Exercise data ->
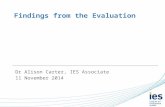 Findings from the Evaluation Dr Alison Carter, IES Associate 11 November 2014.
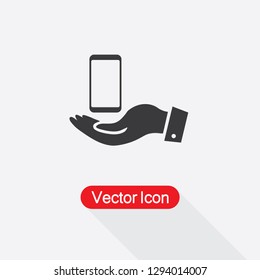 Smart Phone In The Hand Icon Vector Illustration Eps10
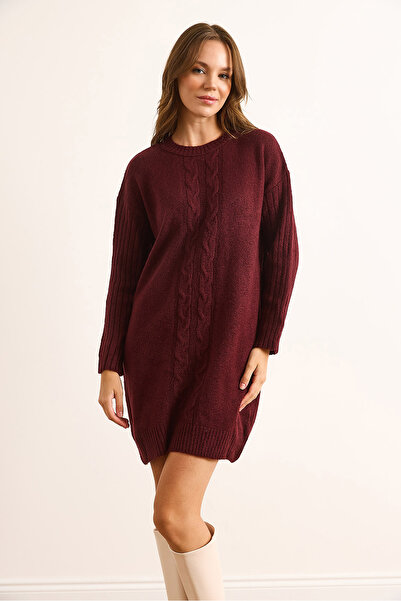 Olalook Women's Burgundy Ribbed Sleeve Front Braided Hair Knitwear Tunic Dress Elb-19002532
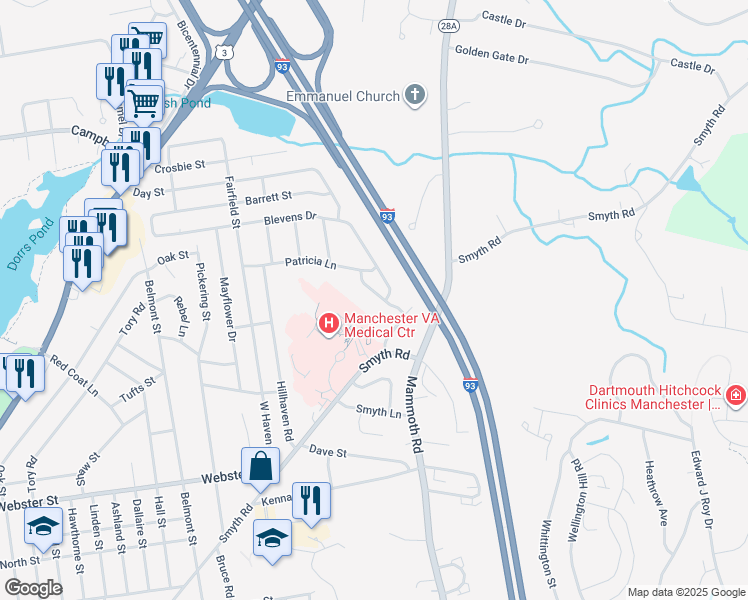 map of restaurants, bars, coffee shops, grocery stores, and more near 53 Holmes Drive in Manchester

Activity -> Output every line above exactly as it stands, and drop any picture.

Answer section ->
 Findings from the Evaluation Dr Alison Carter, IES Associate 11 November 2014.
 Smart Phone In The Hand Icon Vector Illustration Eps10
 Olalook Women's Burgundy Ribbed Sleeve Front Braided Hair Knitwear Tunic Dress Elb-19002532
 map of restaurants, bars, coffee shops, grocery stores, and more near 53 Holmes Drive in Manchester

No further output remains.